Image: Waldo Swiegers and Thomas Falkiner

Porsche? Damn, talk about exotic-sounding. Now, when you’re a kid you don’t expect to see such objects of affection in real life, but then one day I did. It was probably on the old Parkhurst strip, walking with my mom to the American Café, that I first saw a 911 in the metal. And, as with my Matchbox model, I was smitten. It had a shape unlike anything else: a hunkered-down profile that intrigued me. Even back then, I could sense there was something very different about this car.

A couple of decades later, I’d find out that there certainly was. You see, just before the hipsters adopted them as their own, the old air-cooled Porsche 911 models were a dime a dozen. You could, on a sunny Sunday afternoon, page through the Autotrader and find many tidy examples vying for a new home. Taking advantage of his downplayed mid-life crisis, I encouraged my old man to get one. And he did.

For the price of a new Renault Sandero Stepway, he acquired a 1980 Porsche 911 SC. Although its paint wore the patina of a life well-lived, it was, for all intents and purposes, in great mechanical nick. After the inevitable buyer’s remorse he really started to bond with it. So did I: simply because it was like no other car I’d ever piloted before — it was eccentric. The interior ventilation controls made no sense. The heater was actuated via a lever set in-between the two seats. The pedals were offset. The steering wheel was positioned too close to the dash. Yet all these quirks seemed to disappear the moment you twisted that key.

Image: Waldo Swiegers and Thomas Falkiner

For somebody accustomed to glossy new press-fleet cars filled with driver aids and active suspension technologies, this old mechanical 911 was something of a revelation, not to mention a challenge. We have all heard the gory horror stories about how disobedient these tail-heavy machines can be. And after just a few short sessions behind the wheel I discovered that they were nothing but true.

I soon learnt that driving an old 911 demanded respect and patience: slow in, fast out — never lift. Unlike in an Audi TTS, you had to think about the corner approaching. You couldn’t just bulldoze your way in and hope for the best. I found myself thinking much more about my driving technique and listening, via my fingers and thighs, to what the car was telling me. Once we’d established some kind of rapport, the SC and I got along fine.

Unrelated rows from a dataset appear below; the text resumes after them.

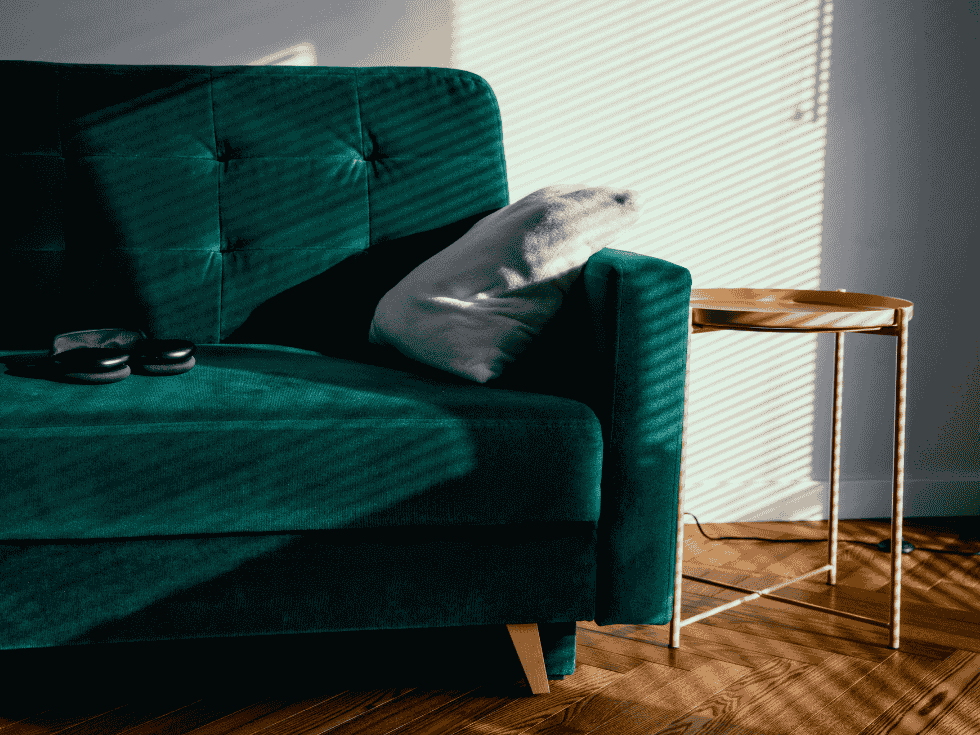Dark Green Tufted Sofa With Pillow And Side Table - Beautiful Homes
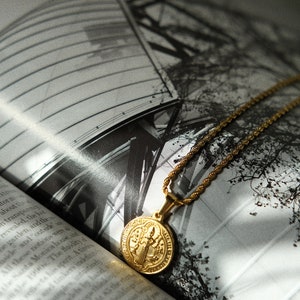 Op de afbeelding: Een gouden ketting met een ronde hanger met een religieus beeld. De ketting ligt op een boek met een zwart-witfoto van een gebouw en bomen.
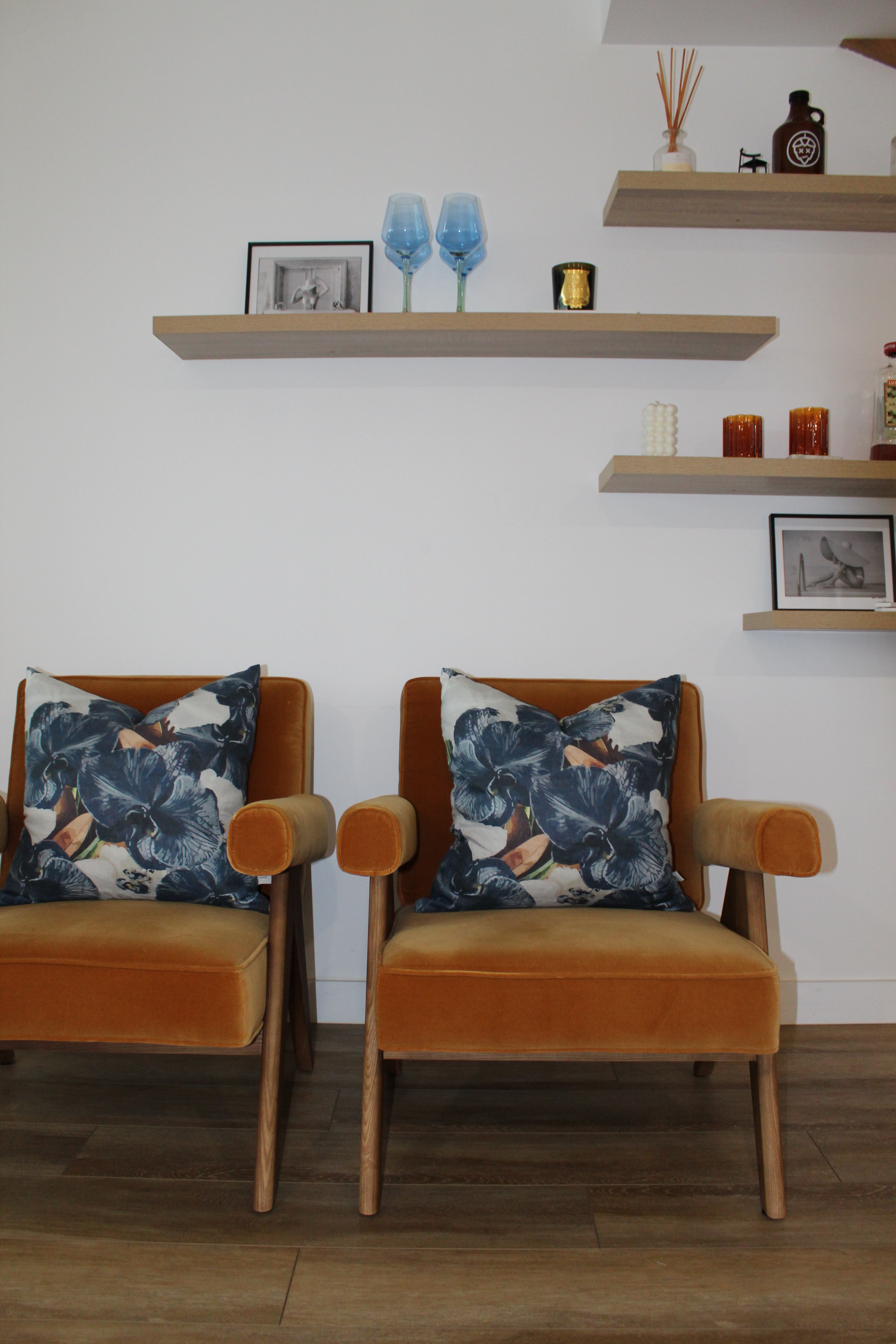 Navy slate floral cushion pair styled on orange modern armchairs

My dad, unfortunately, is no longer around, but the Porsche is. More than ever, I look forward to driving it, and I especially look forward to all the trappings that come with the privilege of doing so. The aroma of hot oil (13-litres, no less); that distinctive, clattery roar of the flat-six engine; those five analogue dials that broadcast everything I need to know about the car’s vitals — and nothing I don’t.

Image: Waldo Swiegers and Thomas Falkiner

This 30-year-old juggernaut has become my personal decompression chamber. What also makes the SC special is the fact that it comes attached to a heritage few marques can match. It stems from a breed of car that, in many different guises, of course, killed it in the racing world. Consequently, it’s extremely easy to imagine that you’re some gentleman racing driver hurtling down the old Mulsanne straight at Le Mans.

Yeah, driving an old air-cooled Porsche is escapism mixed in with a good helping of romance and danger. It reaffirms my love of the automobile and reawakens senses that have, thanks to the flattery of modern cars, been left to atrophy.